En effet, le retrait de Laurent Gbagbo de la liste électorale, principal argument juridique du rejet de sa candidature, est bien connu. Il fut même porté à la connaissance de sa famille politique qui n’ignorait certainement pas l’existence de l’article 48 du Code électoral qui stipule : «  tout ivoirien qui a la qualité d’électeur peut être élu président de la République dans les conditions prévues par la Constitution ». 

Le président Laurent Gbagbo quant à lui s’est enfermé depuis plusieurs années, dans un silence profond, tandis que son avocate Maitre Habiba Touré affirmait le 1er septembre 2020, sur une chaine de télévision française, que l’ancien président ivoirien n’a « donné aucune instruction » sur sa candidature. Il s’agit toutefois d’une allégation difficile à confirmer.

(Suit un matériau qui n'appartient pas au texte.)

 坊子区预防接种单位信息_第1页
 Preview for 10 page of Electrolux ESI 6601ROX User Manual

Cet entêtement de la Gauche ivoirienne, à choisir Laurent Gbagbo est en réalité une réponse à la mesure des manœuvres frauduleuses élaborées par le président Alassane Ouattara pour se maintenir au pouvoir « par tous les moyens », en écartant de la course, ses principaux adversaires (Laurent Gbagbo, Guillaume Soro, Mamadou Koulibaly, Mabri Touakeusse etc..). Ouattara annonce même sa victoire dès le premier tour de l’élection présidentielle, et refuse de reporter le scrutin. De plus, le Conseil Constitutionnel valide la Candidature du président sortant, alors même que la Constitution ivoirienne de 2016 confirme qu’il n’y a pas de troisième mandat en Côte d’Ivoire.

Face à cette mascarade électorale déjà perdue d’avance, la stratégie de la  Gauche ivoirienne repose donc sur le refus d’une candidature de substitution à Laurent Gbagbo, en envisageant un autre type de « confrontation » avec le régime Ouattara, dans la nostalgie de l’alternance politique de 2000, obtenue dans la douleur  face au général Robert Guéï.  Mais un tel scénario est-il envisageable en Côte d’Ivoire en 2020 ?

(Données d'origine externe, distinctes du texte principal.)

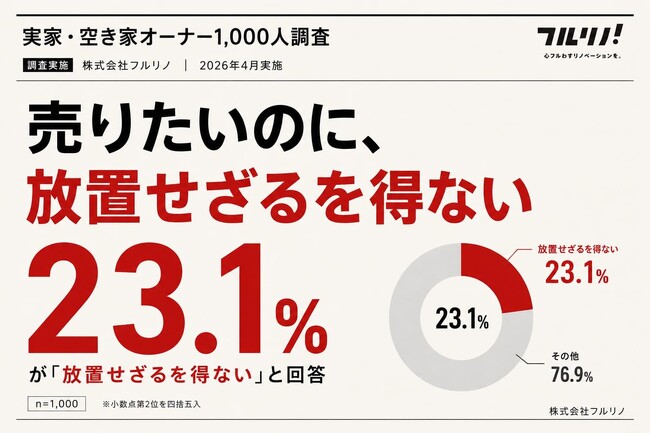 【空き家問題1,000人調査】「売りたいのに、放置せざるを得ない」-活用が進まない3つの構造的ギャップが明らかに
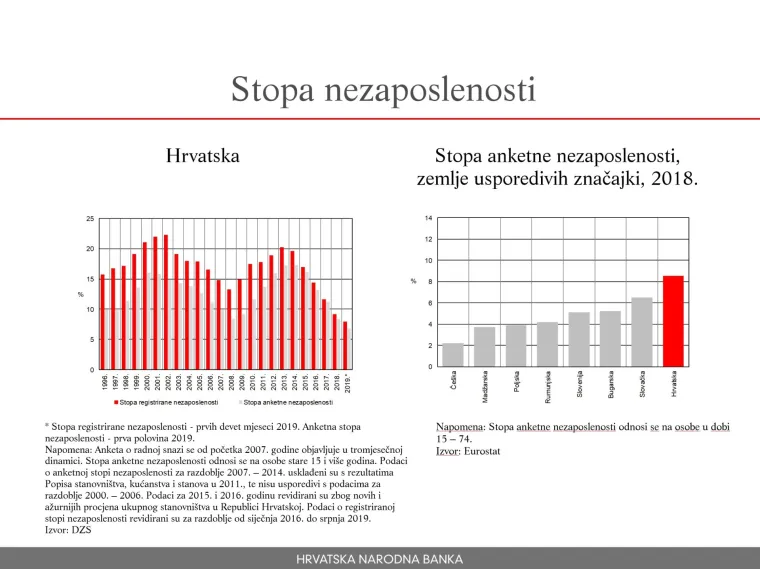 Hrvatska je pro&scaron;le godine imala najvi&scaron;u stopu anketne nezaposlenosti među usporedivim državama, jedina iznad 8 posto.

Les obstacles politiques à un scénario semblable à celui de l’an 2000

 Tout d’abord, il est important de souligner qu’un scénario semblable à celui de l’an 2000 n’est pas impossible en Côte d’Ivoire. Mais sous le régime Ouattara, une telle initiative s’avère difficile et se solderait certainement par un lourd bilan de perte en vies humaines.

Le premier argument porte ainsi sur la nature de l’adversaire politique. Pour rappel, sur les 5 candidats retenus par la chambre constitutionnelle de la Cour suprême en 2000, le président Laurent Gbagbo avait eu pour adversaire, le général Robert Guéï, un candidat indépendant, sans assise populaire, mal entouré, qui s’illusionnait sur sa popularité, en seulement 10 mois de règne. L’appel à un soulèvement populaire, contraint le général Guéï, ancien chef d’état major d’une armée de temps de paix, à quitter le pouvoir.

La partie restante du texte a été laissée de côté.